Tag Archives: living life to the fullest

Enjoyride

The show is over. Closing Night is something of a sacred thing for actors, a time where The Line that one is allowed, in fact encouraged, to go right up to the edge of but never cross, is smudged and smeared into the straight and narrow path, and we latter-day acolytes of Dionysus test the limits of our own discipline and memory by willfully incorporating as many chaotic improvisations as we can think of, the aim being to see how long we can run while simultaneously trying to trip ourselves – and, at least inadvertently, each other – up. It’s kind of perverse in a way. A bit like going right back to the beginning, the early rehearsals where you’re just supposed to throw things out there and see what works and throw away the rest; Closing Night is where all of those thrown-away things boomerang back with gathered momentum and take their place on the stage with you, welcome or not.

It’s a bit like finishing a manuscript, and then adding in all the bits that you cut out during the drafting process to send away to an agent.

Well, no, not really. It’s kind of its own thing. That’s the nature of live performance: it is a living thing, and it never stops changing.

I’m always skeptical about doing shows when I’m trying to commit to other things. Like study. Or novel revision. And sure enough, I got very little of either of those things done over the last three days, which I made myself promise I would use for both of those things. Or at least the study bit. I mean I did a bit, but it was a reading I was meant to have done earlier in the week anyway, so how much it ‘counts’ is a dubious calculation at best.

But I’m glad I did this show. I needed to act again. I had a small, precise part, something I could sink my teeth into without having to remember a whole ton of stuff, and I had a lot of fun doing it. It was very flattering to be asked to come in and fill the role when the original actor had to quite due to work commitments (who is, incidentally, a brilliant actor and directed me in my favourite role I’ve ever played, Giles Corey, in The Crucible), and an absolute delight to get to work with such a talented and committed cast and crew, many of whom I have had the privilege of working with before as well.

I could say that acting is another form of storytelling and that’s what’s so great about it, but it’s nothing so abstract or philosophical as that, truth be told. Acting makes my blood flow. That’s really all there is to it. That’s why I do it. Everything else is just a bonus.

And now I have a void where the show used to be, and I need to try and let myself not rush to fill it. I need to let myself reach outwards instead of pour inwards, to expand instead of contract, and return to the other things that I was absorbed in the enjoyment of before the play, and the people in it. Study. Tallulah. Evenings to fill with application, mornings to rise into and stretch out from through the rest of the day, the week, the year, the moment. Other things. Things that have their own places. I need to let them stay in those places, and let this void have its own.

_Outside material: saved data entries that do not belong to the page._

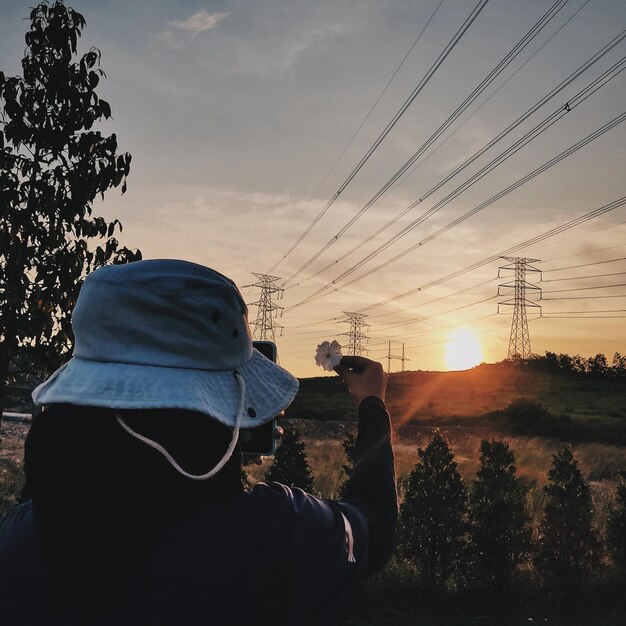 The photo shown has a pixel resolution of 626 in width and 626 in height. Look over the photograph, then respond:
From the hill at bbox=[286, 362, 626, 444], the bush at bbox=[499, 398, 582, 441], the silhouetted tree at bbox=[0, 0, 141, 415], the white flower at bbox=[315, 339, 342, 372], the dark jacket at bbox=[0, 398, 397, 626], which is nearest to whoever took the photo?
the dark jacket at bbox=[0, 398, 397, 626]

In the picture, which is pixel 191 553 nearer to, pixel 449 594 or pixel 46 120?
pixel 46 120

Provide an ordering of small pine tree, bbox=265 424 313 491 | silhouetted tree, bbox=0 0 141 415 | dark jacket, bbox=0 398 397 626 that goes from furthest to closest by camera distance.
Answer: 1. small pine tree, bbox=265 424 313 491
2. silhouetted tree, bbox=0 0 141 415
3. dark jacket, bbox=0 398 397 626

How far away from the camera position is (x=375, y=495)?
142 cm

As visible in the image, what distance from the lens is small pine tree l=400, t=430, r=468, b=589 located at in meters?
9.30

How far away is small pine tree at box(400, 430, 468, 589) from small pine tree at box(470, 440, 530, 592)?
0.85 ft

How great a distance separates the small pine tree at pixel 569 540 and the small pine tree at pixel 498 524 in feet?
1.17

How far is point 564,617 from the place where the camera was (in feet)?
27.8

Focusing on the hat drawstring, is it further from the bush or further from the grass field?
the bush

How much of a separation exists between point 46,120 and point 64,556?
6828 millimetres

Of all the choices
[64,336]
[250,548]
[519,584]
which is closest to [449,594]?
[519,584]

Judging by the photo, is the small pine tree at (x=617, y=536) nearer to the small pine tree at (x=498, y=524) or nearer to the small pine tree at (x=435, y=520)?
the small pine tree at (x=498, y=524)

Because for all the disruption that this has caused me in terms of focus and my budding schedule, I would do it again in a heartbeat.

Later. Like next year later. But still.

And honestly, I haven’t really missed any more study than usual this week. I’ve never used weekends for it up to this point. However, I haven’t had assignments to do either, so the next couple of evenings are going to be so much fun. Time to catch up. I’m worried that the quality of my work is not going to be particularly great. But if I’ve learnt anything from the past year and two-thirds of writing, it’s that doing the work and letting it be what it is is not just the hardest part, but also the most satisfying, the most affirming. To let go, and keep going.